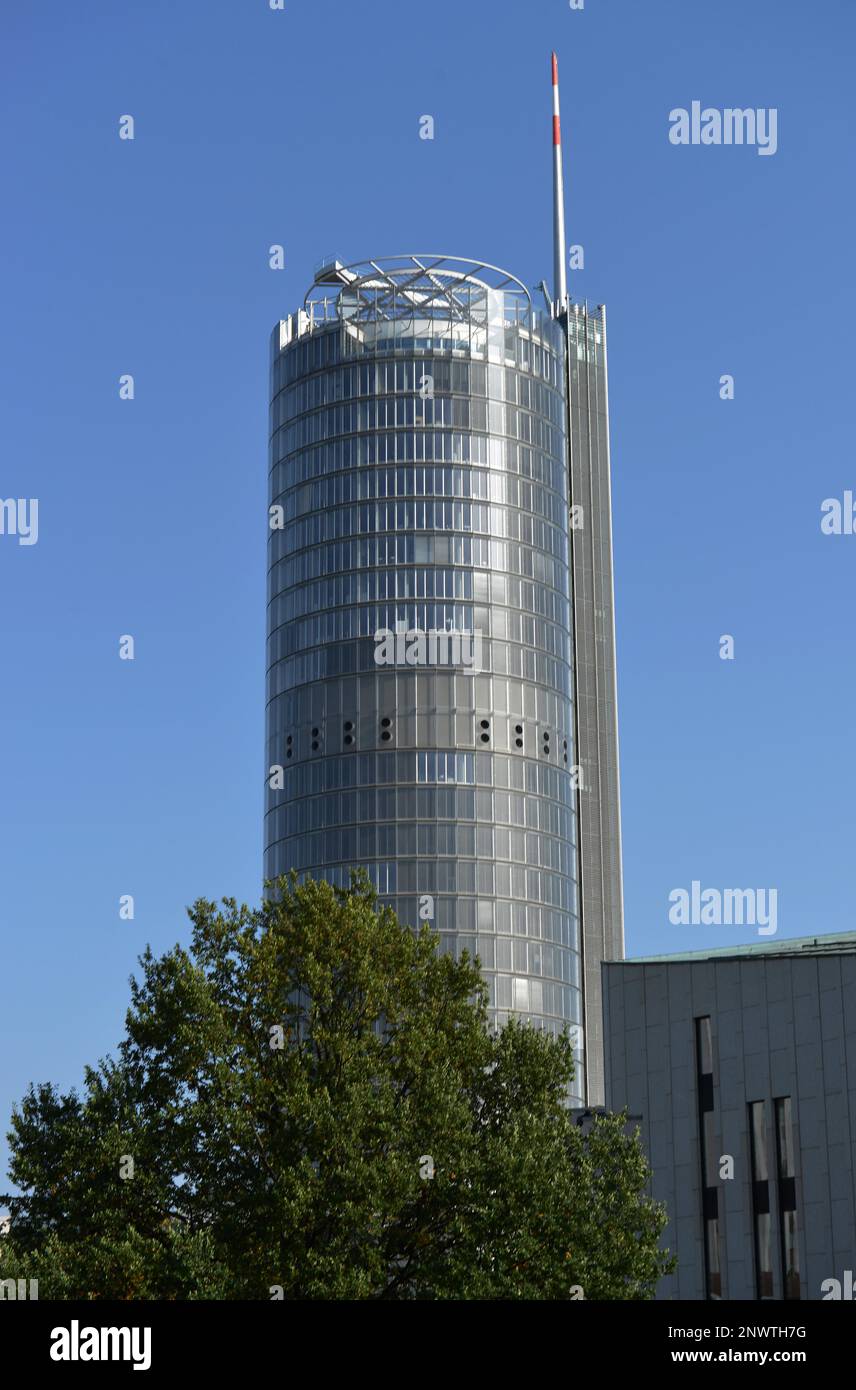 RWE Tower, Opernplatz, Essen, Renania settentrionale-Vestfalia, Germania Foto Stock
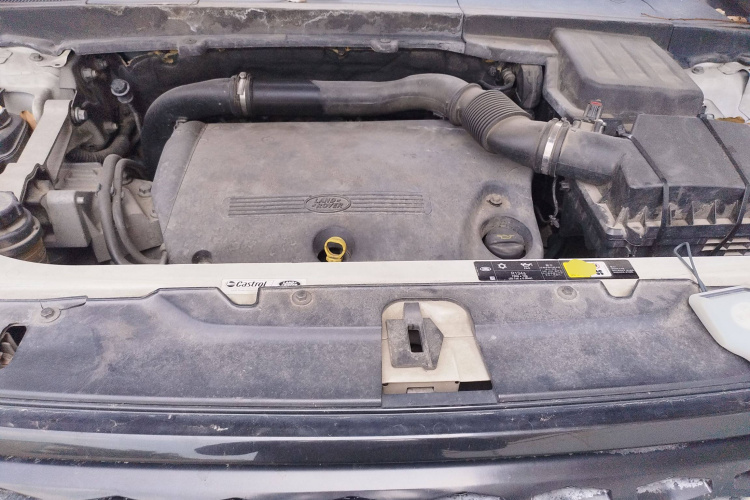 路虎 神行者2 2013款 2.2T SD4 SE柴油版局部细节24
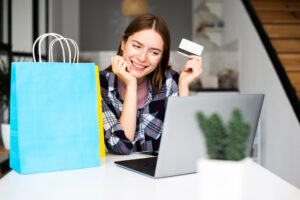 how to apply the store credit on hello molly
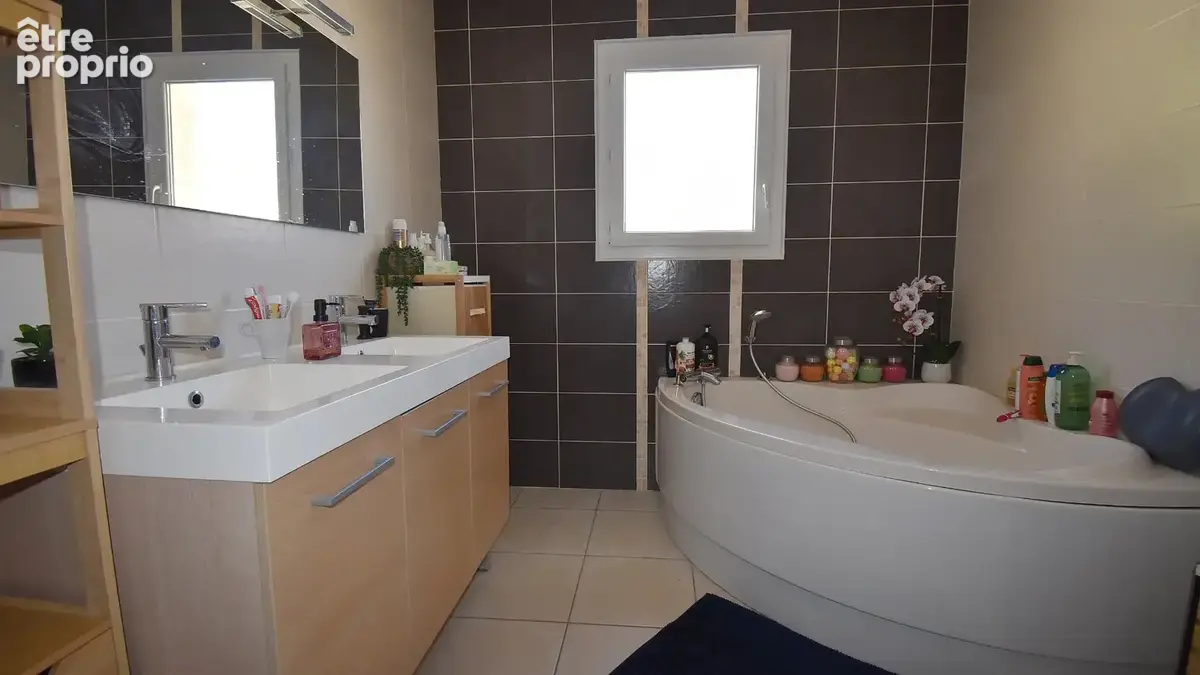 Pavillon plain-pied à vendre à Bellerive-Sur-Allier, secteur Vichy, 4 chambres et bureau. - photo 16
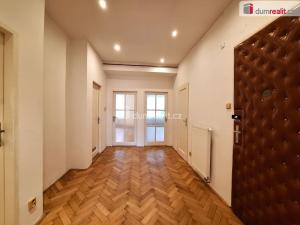 Pronájem bytu 3+1, Praha - Vinohrady, Kolínská, 105 m2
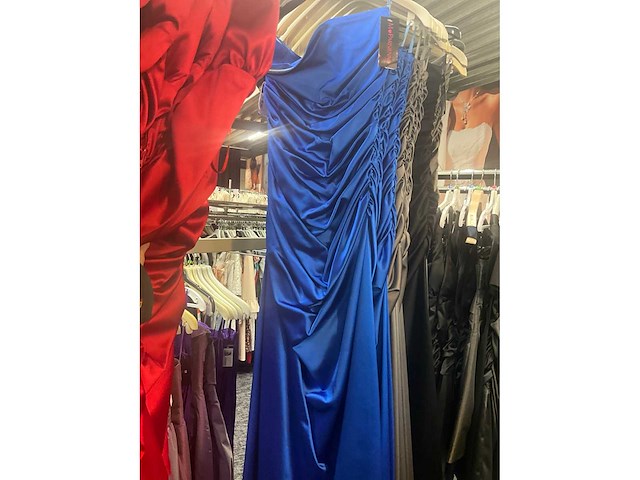 M parisienne diverse cocktailjurken (106x) - afbeelding 31 van  41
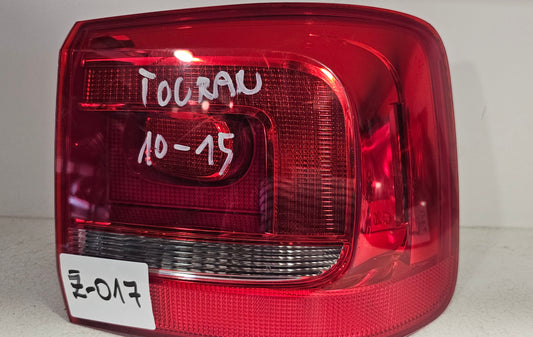 Žaromet zadnji desni VW Touran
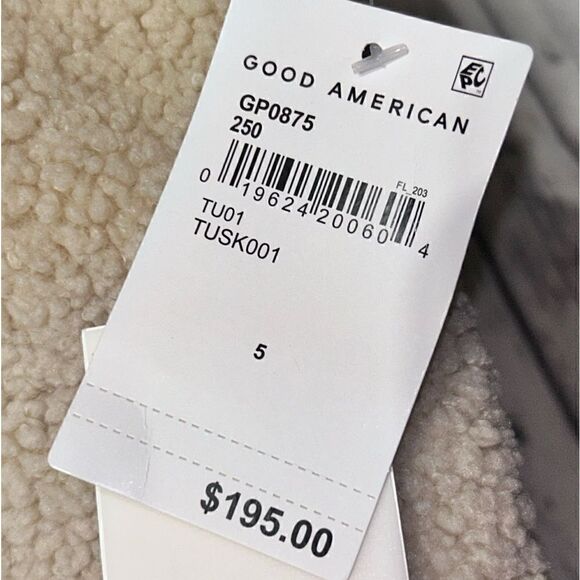 Good American Faux Shearling Cocoon Hooded Puffer Coat - Picture 10 of 12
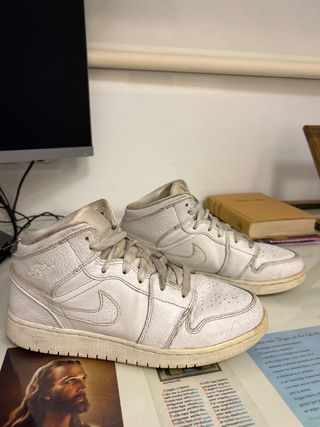 Nike Air Jordan 1 Mid Blancas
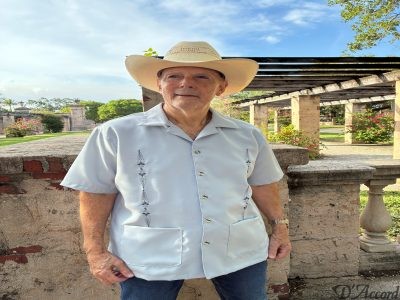 Men's American Guayabera Silver Embroidery Made in USA D'Accord 2383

===

What is required:
Repeat the entries word for word and skip the pictures.

Answer for the task:
 RWE Tower, Opernplatz, Essen, Renania settentrionale-Vestfalia, Germania Foto Stock
 路虎 神行者2 2013款 2.2T SD4 SE柴油版局部细节24
 how to apply the store credit on hello molly
 Pavillon plain-pied à vendre à Bellerive-Sur-Allier, secteur Vichy, 4 chambres et bureau. - photo 16
 Pronájem bytu 3+1, Praha - Vinohrady, Kolínská, 105 m2
 M parisienne diverse cocktailjurken (106x) - afbeelding 31 van  41
 Žaromet zadnji desni VW Touran
 Good American Faux Shearling Cocoon Hooded Puffer Coat - Picture 10 of 12
 Nike Air Jordan 1 Mid Blancas
 Men's American Guayabera Silver Embroidery Made in USA D'Accord 2383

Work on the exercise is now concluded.